__Material provided__:
..........

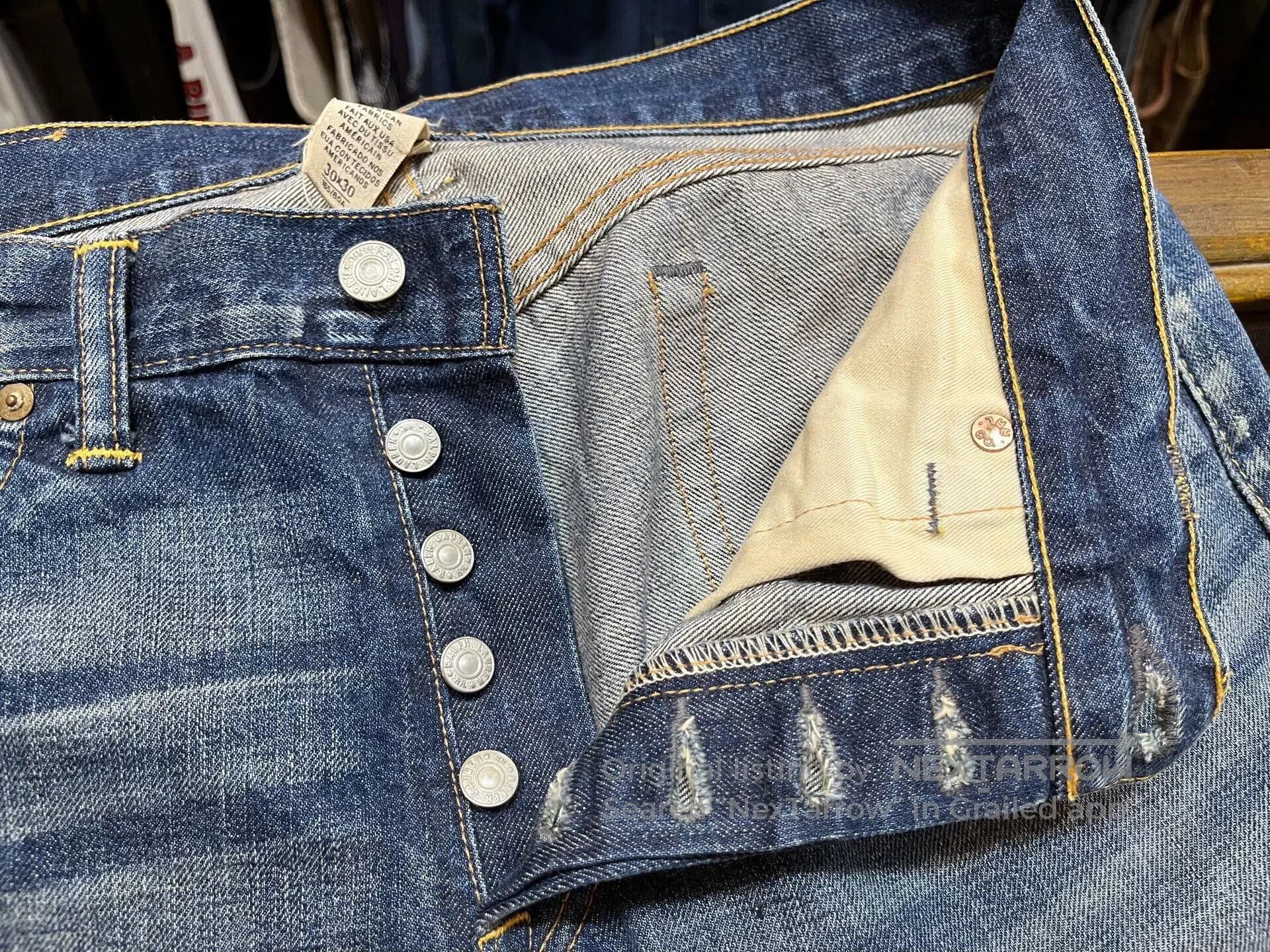RRL Ralph Lauren distressed blue denim jeans by rrl. Size US 30 / EU 46 - 6 Thumbnail
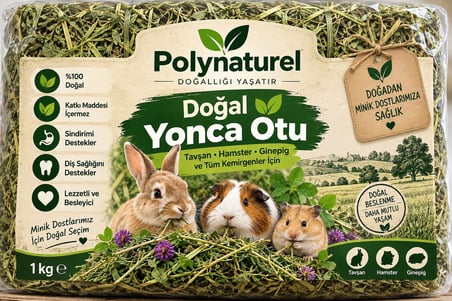polynaturel doğal yonca otu 2000 gr – tavşan, hamster, guinea pig ve kemirgenler i̇çin kuru yonca yemi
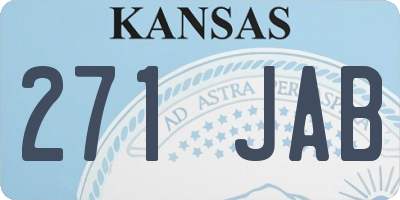 KS license plate 271JAB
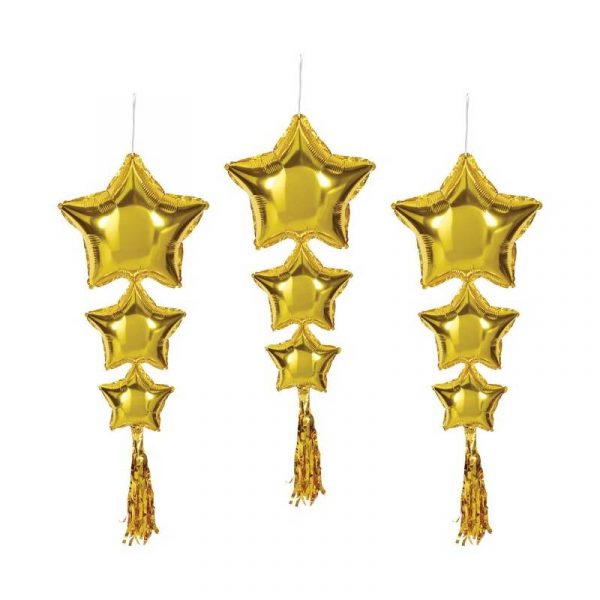 gold star balloons with tassels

..........

__Task__: Once the pictures are removed, repeat all of the data above exactly.

__Solution for this exercise__:
RRL Ralph Lauren distressed blue denim jeans by rrl. Size US 30 / EU 46 - 6 Thumbnail
polynaturel doğal yonca otu 2000 gr – tavşan, hamster, guinea pig ve kemirgenler i̇çin kuru yonca yemi
 KS license plate 271JAB
 gold star balloons with tassels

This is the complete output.